At this stage in the game, everyone has figured out how to dress themselves, despite fashion media’s insistence that hard pants are over and no one with breasts will ever wear a brassiere again. But as we trot towards winter’s silent, solitary repose, a new sort of sartorial desire awakens within. The time for indoor-outdoor pants is nigh.
The indoor-outdoor pant sounds suspiciously like athleisure, and technically, I suppose it is. But there’s a clear distinction between a sweatpant and an indoor-outdoor pant, the former of which is often branded as athleisure and the latter, something I made up that feels right. Sweatpants are for comfort inside the home, and also, for running to the store for two seconds for chips and then back. There are some who can pull off the fashion sweatpant, and I applaud them, but for the rest of us, the indoor-outdoor pant is the way and the light.
What distinguishes an indoor-outdoor pant from athleisure is both the material and the fit; you want the pant to be sort of drapey enough to be mid-2000s-culotte adjacent, but not so much that you’ve veered into palazzo pant territory. An elastic waist is essential, because even though there is pleasure in the constriction provided by denim on the midsection, it’s much nicer to sit down at your desk for 10-14 hours in pants that allow the tummy to breathe. Everything I’m describing here is essentially an indoor-only pant, but the indoor-outdoor pant should look “dressy” enough to pass as “trousers” rather than just “soft pants I wear now and will never take off.”
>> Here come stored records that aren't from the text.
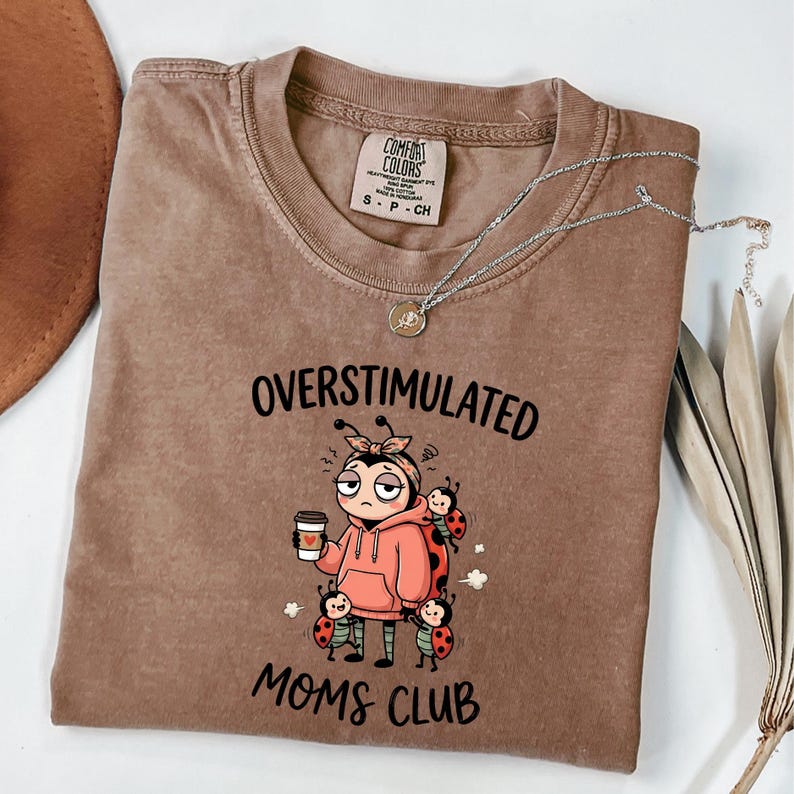 May include: A brown Comfort Colors t-shirt with the words "OVERSTIMULATED MOMS CLUB" and a cartoon ladybug design. The ladybug is holding a coffee cup and surrounded by other ladybugs. A silver necklace is draped across the shirt.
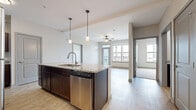This 2-bedroom, 2-bathroom residence is thoughtfully designed with a practical, single-floor layout that maximizes both comfort and functionality. The open-concept kitchen and living area serves as the heart of the home, anchored by a large center island with a granite countertop, undermount sink, and pendant lighting overhead. Rich dark cabinetry pairs with stainless steel appliances — including a refrigerator, range, and dishwasher — to create a polished, contemporary kitchen. Light wood-style flooring runs throughout the main living areas, enhancing the bright and airy atmosphere. The living room benefits from large windows and direct access to a private balcony, offering outdoor views and abundant natural light. Both bedrooms feature plush carpeting and well-sized windows. The primary bedroom includes a spacious walk-in closet outfitted with wire shelving. The bathrooms are finished with granite-topped vanities and dark cabinetry consistent with the kitchen's aesthetic. A dedicated laundry room provides added convenience and houses the water heater and HVAC systems. Clean neutral tones and modern fixtures throughout lend the space a cohesive, move-in-ready appeal.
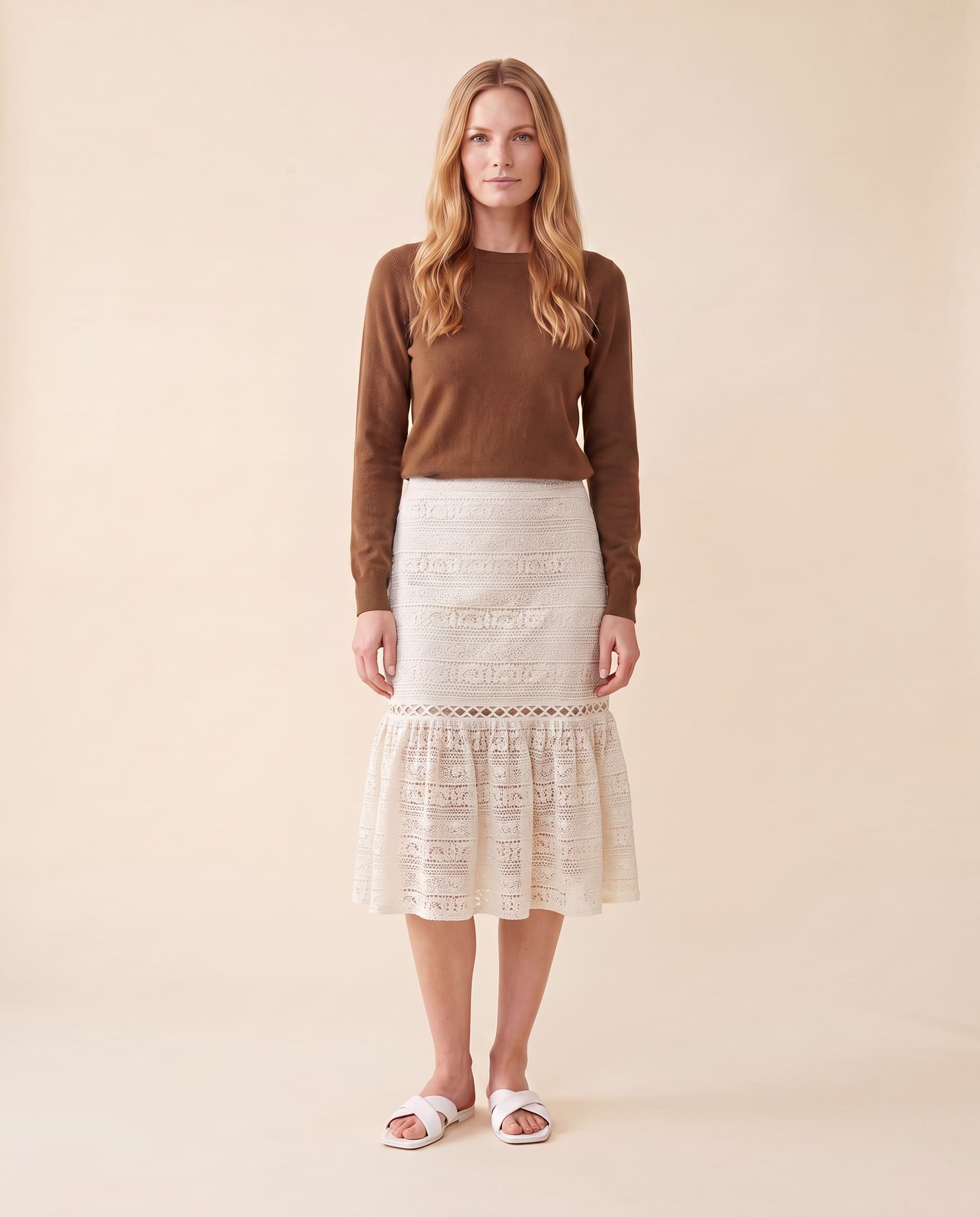 An AI model wears the Cartolina Marlo skirt in ecru lace with the Perry tie-neck top, standing full length on a cream studio backdrop.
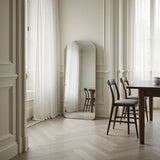 Dining room with a large mirror on the wall, wooden table, and chairs.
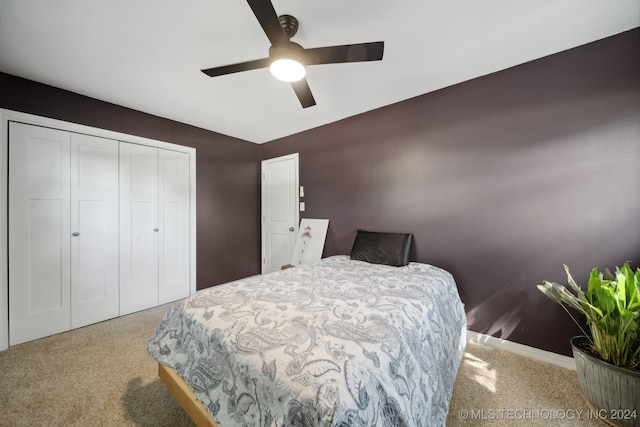 bedroom featuring ceiling fan, carpet floors, and a closet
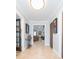 Hallway leading to a living room with a fireplace and unique decor at 2709 Fairway View Dr, Valrico, FL 33596
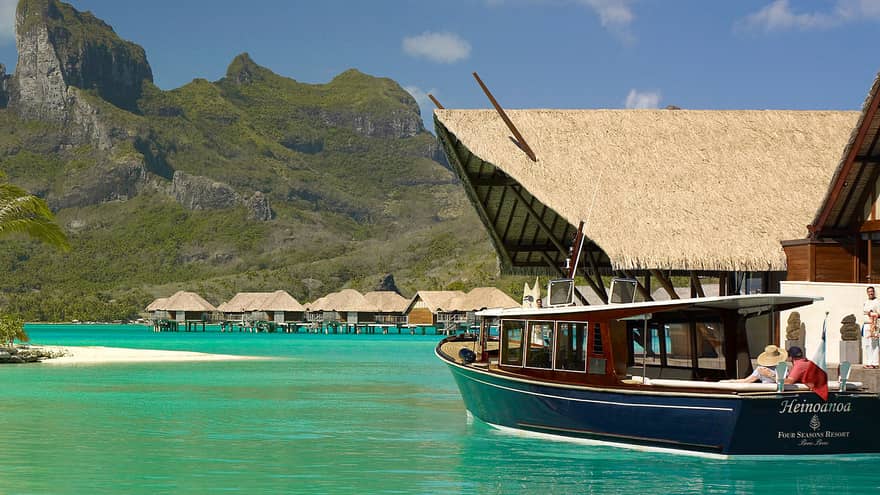 Boat on turquoise lagoon, overwater bungalows in the distance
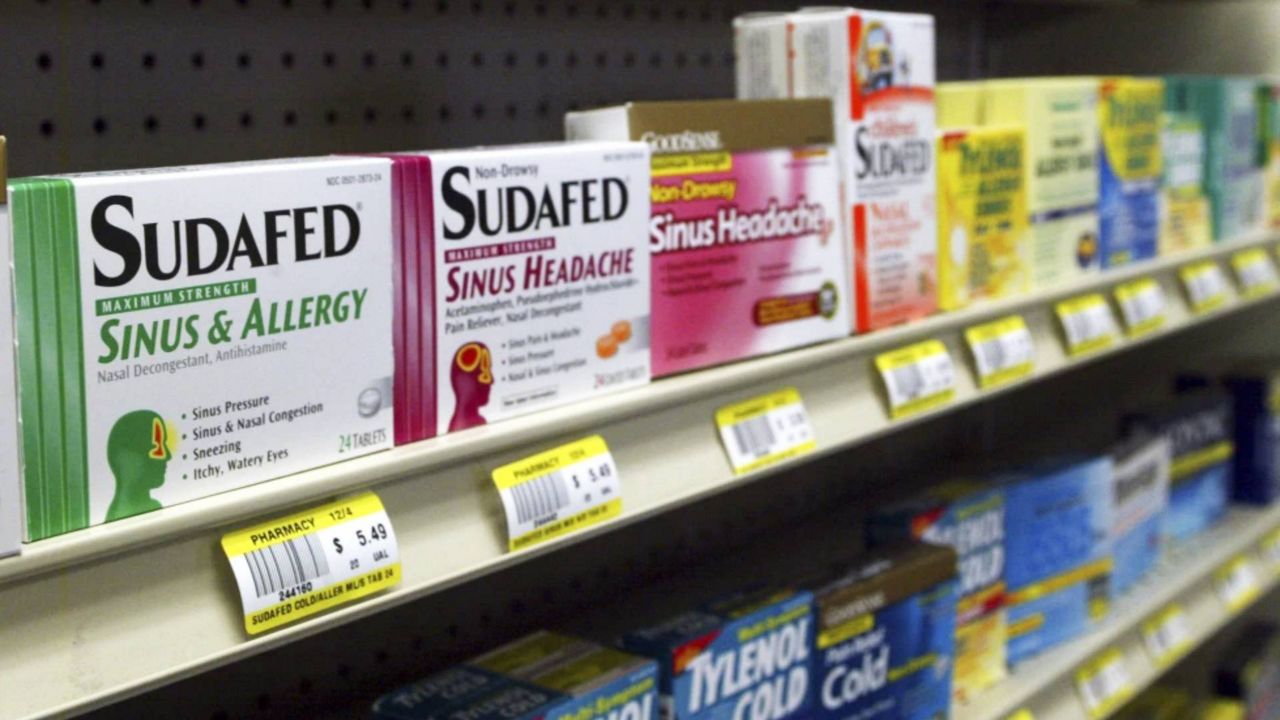 Sudafed and other common nasal decongestants containing pseudoephedrine are on display behind the counter at Hospital Discount Pharmacy in Edmond, Okla., Jan. 11, 2005. The leading decongestant used by millions of Americans looking for relief from a stuffy nose is likely no better than a dummy pill, according to government experts who reviewed the latest research on the long-questioned drug ingredient. Advisers to the Food and Drug Administration voted unanimously on Tuesday, Sept. 12, 2023 against the effectiveness of the ingredient found in popular versions of Sudafed, Allegra, Dayquil and other medications sold on pharmacy shelves. (AP Photo, File)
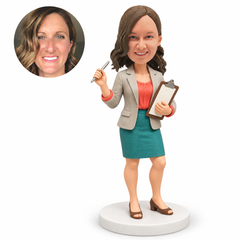 custom bobblehead figure female professor in a blazer holding a pen and clipboard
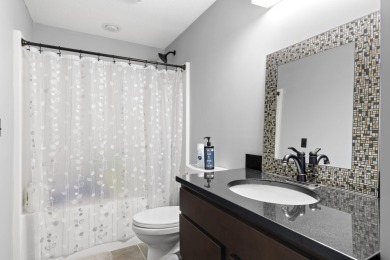 Experience year-round comfort and elegance in this like-new on Crystal Mountain Golf Course in Michigan - for sale on GolfHomes.com, golf home, golf lot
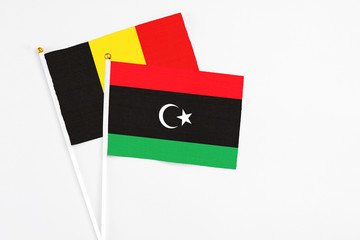 Libya and Belgium stick flags on white background. High quality fabric, miniature national flag....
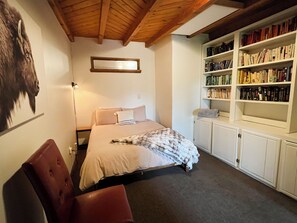 Un dormitorio con una cama, una estantería, una silla y una lámpara de pared.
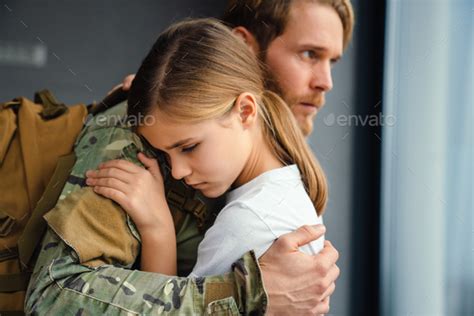 Masculine Sad Military Man Hugging Her Daughter Indoors Stock Photo By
The need for these pants is arguably minimal; at this point, the line between inside clothes and outside clothes is blurred, everyone’s figured out what they want to wear, and the novelty of tittering between bouts of hysterical sobbing about never seeing the outside has largely worn off. But there is a second—or third, depending—wave descending upon this nation, running unchecked thanks to widespread incompetence in every level of the government. Just because we did the whole “stay inside and do a Zoom call with your friends” shit once already doesn’t mean that anyone is particularly happy about doing it again. Ideally, we’ve learned some lessons from the first go-around, and are willing to take those learnings to heart. For me, this means processing the collective grief of mourning whatever it is that we’ve lost this year, both large and small, by buying something in an attempt to fill the void. Pants. It’s gotta be pants.